Medical record under GDPR
Since 25 May 2018, the right to be forgotten gdpr (GDPR) has been in force for the entire European Union. This law regulates how companies and organizations process your personal data and replaces the Personal Data Protection Act (WFP).
The GDPR strengthens privacy rights and creates more obligations for organizations when processing personal data. What does the GDPR mean for the rights surrounding the medical file?
Right of access
The right to access your medical file does not change under the GDPR. As under the Wbp, you as a patient have the right to inspect your medical file. Except for the personal work notes of the healthcare provider.
The doctor may only refuse access if the privacy of someone other than the patient is harmed by inspection. The doctor must then demonstrate that the privacy of the other person in this case outweighs the interests of the patient.

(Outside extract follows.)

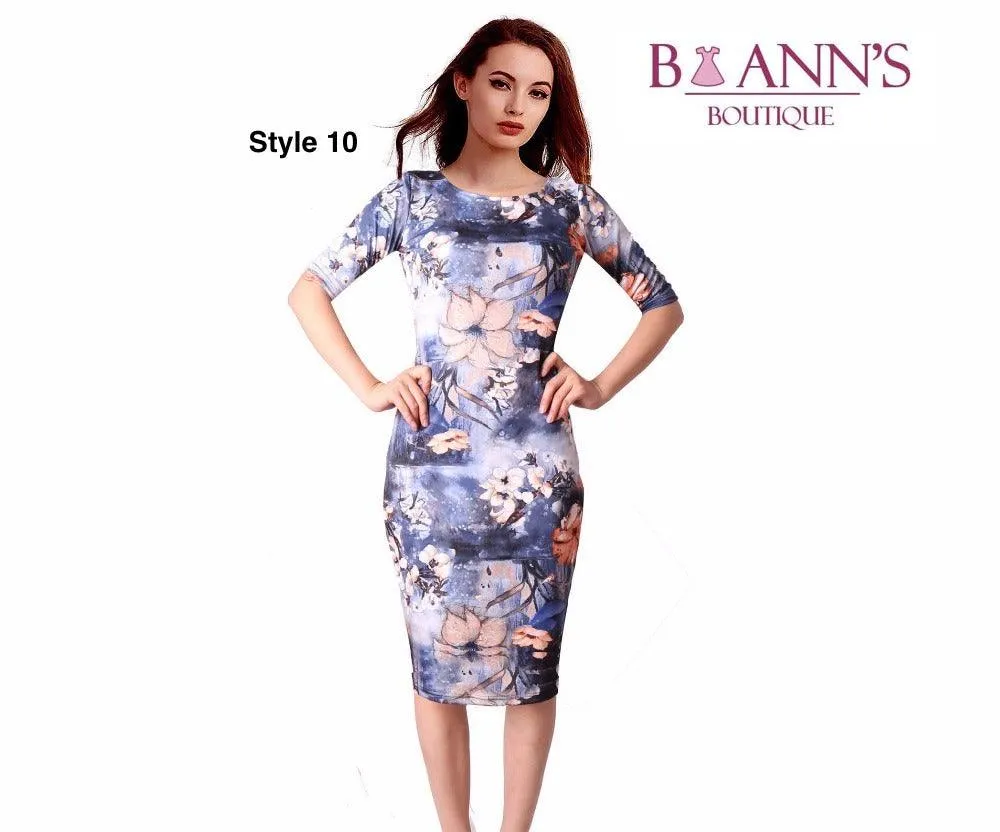 FLORAL SHEATH DRESS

A new feature under the GDPR is that the healthcare provider may in principle no longer charge costs for a copy of the medical file. Only if the patient’s request is ‘unfounded or excessive’ may the healthcare provider charge a reasonable fee. For example, with multiple requests or extra copies. The healthcare provider may also refuse the request. Personal work notes of healthcare providers do not fall within the patient’s right of access.
A new right under the GDPR is the right to data portability. This means that people have the right to take personal data with them to another (care) provider. This partly applies to the medical file. Personal data that a patient provides actively or consciously, falls under the right to data portability.
This also applies to data that the patient provides indirectly through the use of a service or device. Think of data via a pacemaker or blood pressure monitor. But a doctor’s conclusions, diagnoses, suspicions or treatment plans based on that data are not.
Also read: right to be forgotten process
Another new right under the GDPR is the right to be forgotten. This is the right to be forgotten. The GDPR provides scope for national legislation in this regard. As a result, the right to be forgotten does not, in principle, apply to medical records.
In the Netherlands, the Medical Treatment Agreement Act (Igbo) applies, which shows that a medical file must be kept for 20 years. As mentioned, you may ask the healthcare provider to destroy your data earlier. He must listen to this, unless there are rules (as mentioned earlier) that stipulate that the data must be kept.
What is in a medical record?
According to the KNMG (Royal Dutch Society for the Promotion of Medicine) the following health information should in any case be included in a medical file:
- Information about the medical treatments.
- Important data for the continuity of care.
- Personal data.
- Written advance directives.
A medical file does not belong to anyone, but the doctor is the administrator. In principle, relatives have no right to inspect the file of a deceased. Medical professional secrecy also applies after death. But in practice, the doctor often gives permission to a bereaved person who had a good relationship with the deceased.
In addition to prescription medicines, the use of over-the-counter medicines must also be included in the medical file. These are medicines that can be obtained without a prescription. Doctors and pharmacies should regularly ask about this. But it is also wise to pass on the medication yourself. This is important, because a medicine can, for example, work less well if you also take other substances.
- Information from the KNMG about the medical file (professional secrecy) .
Services of the Consumers’ Association
We offer the following services to help with almost all consumer problems. In the case of complaints about the right to inspect a medical file, the assistance required may be slightly different.